Govt Spending CDFeedback on my “three and three” analysis is most welcome, as are comparisons to the implementation of neoliberalism in other countries.  And once again I highly recommend the whole CD compilation.

 

2 comments

  • I think Keynesian-leaning economists need to make assertions like ‘free-market ideology didn’t deliver promised prosperity’ and then back it up with facts. It would appear the free-market reforms of the past 30 years have failed in every respect. When do we stop fooling around with theory and look at real world results? Especially when compared to the phenomenal success of the Keynesian post-war era?

    Milton Friedman revived free-market ideology (which crashed and burned in the Great Depression,) by claiming the cause was all bad monetary policy (from which he developed monetarism.) Keynesians really need to explain the high inflation of the 1970s to revive the Keynesian system.

    I believe the Keynesian model explains it well enough in simple terms: government policy used as a counterweight to the business cycle with fiscal, monetary and regulatory measures.

    So during the Great Depression or presently during the Great Recession, the counterweight has to go heavy: big fiscal stimulus, zero-bound interest rates, perhaps raise the inflation target in the medium term.

    During the 1970s, the counterweight had to go heavy in the other direction: austerity measures, high interest rates and a freeze on wages and strikes. Given the damage the Volcker Shock caused (and the heavy-handed disinflation measures of the 1990s,) we would’ve been better off using all government tools together to get a handle on it.

    Over the past 30 years, the central banks have commandeered the economy on the absurd pretense of a technocracy that doesn’t exist. They made many mistakes including the attempt to eliminate the business cycle. But inflation targeting is really just Keynesian economics less the fiscal and regulatory measures.
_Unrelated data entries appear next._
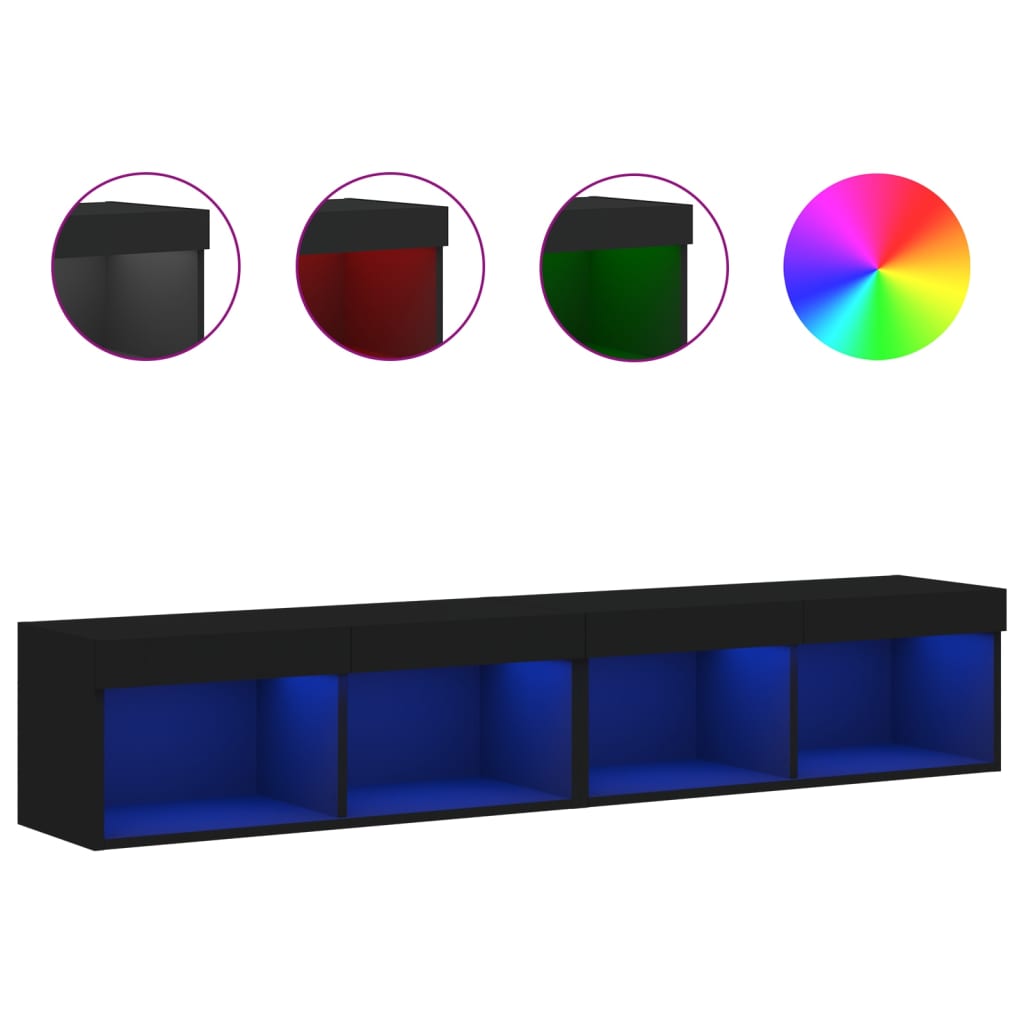TV ormarići s LED svjetlima 2 kom crni 80x30x30 cm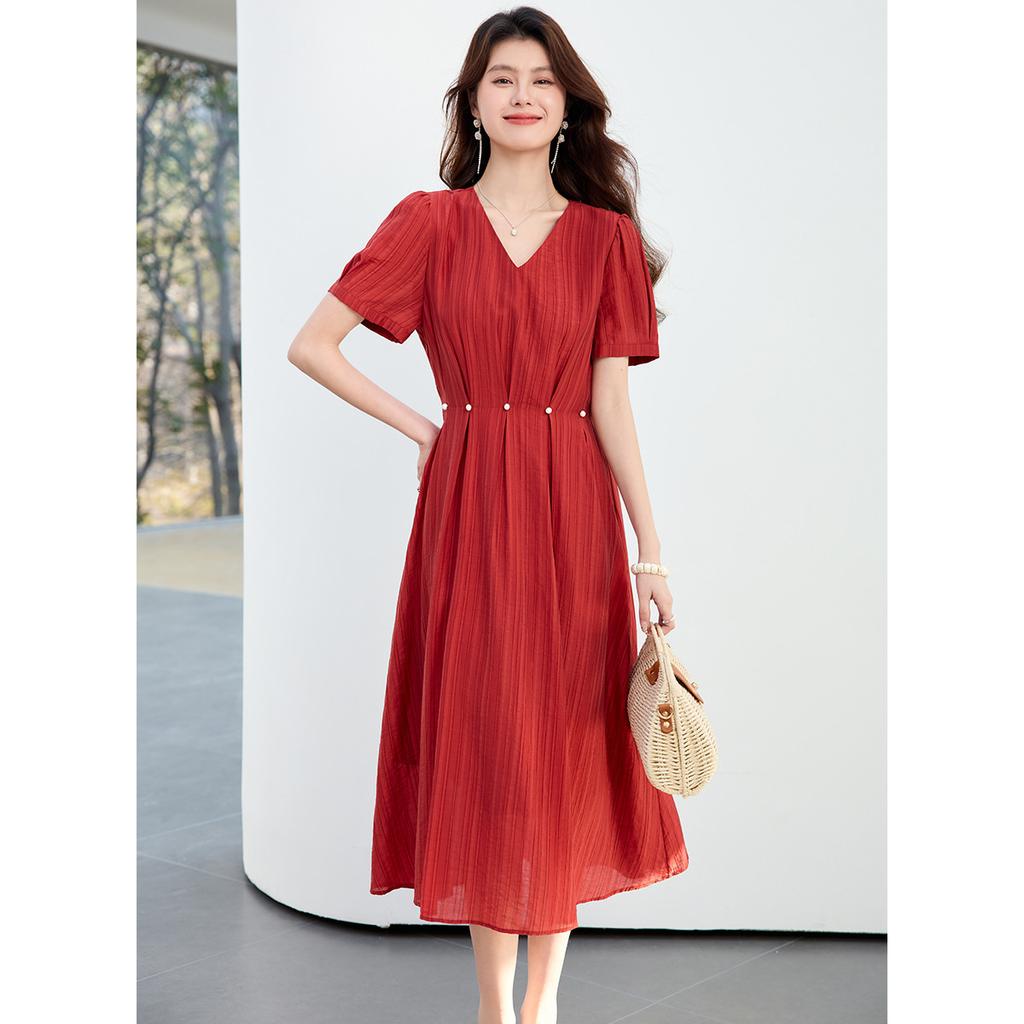 26 year new summer short sleeved skirt V-neck slimming versatile high-end waist cinching mid length skirt elegant A-line skirt dress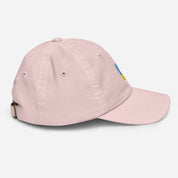 Youth baseball cap in pink with Ukrainian Tryzub emblem, breathable and adjustable, ideal for active kids. Made from bio-washed chino cotton twill.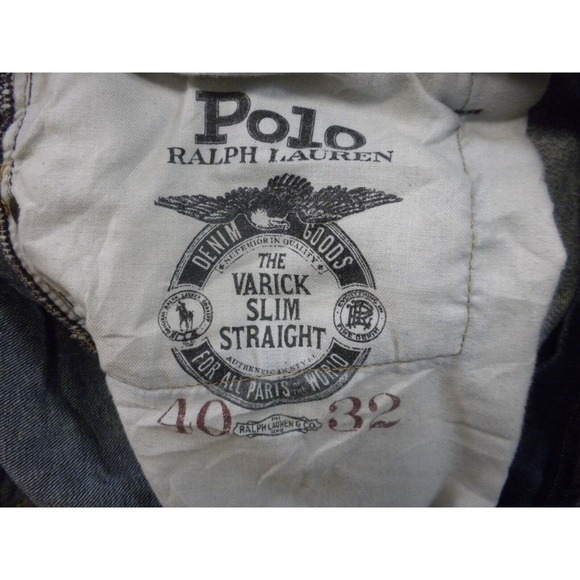 Polo Ralph Lauren Jeans Mens 40x32 Blue Denim Varick Slim Straight Dark Wash - Picture 10 of 15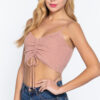 Sweater Knit Crop Cami with Front Ruched Detail – Heather Pink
Therefore we would be better off with cooperation between government and the central bank to use all policies together to control the economy in the most efficient way possible.

  • given the transformations underway within the financial aspects of the economy- and the housing bubble and consumer credit paced growth strategy- I do think you might want to add into this the financialization of the economy- in fact I do think it might even be more important that the staples switch that Harper pushed us towards- especially oil.

    The rational- can you imagine what the economy would look like right now if the neo-cons- given the failure of the economy under traditional wage led growth economics of capital, had not pumped up the housing sector- using the financialization aspects to help leverage the banks in their derivative trading and international pursuits of commidifying money outside the circuits of productive capital.

    Think about that- they built an international process to print ficticious money and attach real value to it, control the world’s governments monetary policy and helped prop wages up to home owners- who were already mainly middle classed and very powerful in the electorate. What a beautiful piece of economic engineering to maintain control- that is if you happen to be a profit maximizer and political hegemon.

    And I am not supporting the housing bubble- but I will say this- it saved the asses of the wealthy and might actually saved capitalism- or at least its demise into a slow rot into the abyss as the population gets eventually dragged onto a burning ship to the sun- sponsored by Coca-cola or is it Pepsi.

    So I think you missed a massive piece there Jimbo. I would redefine number 3.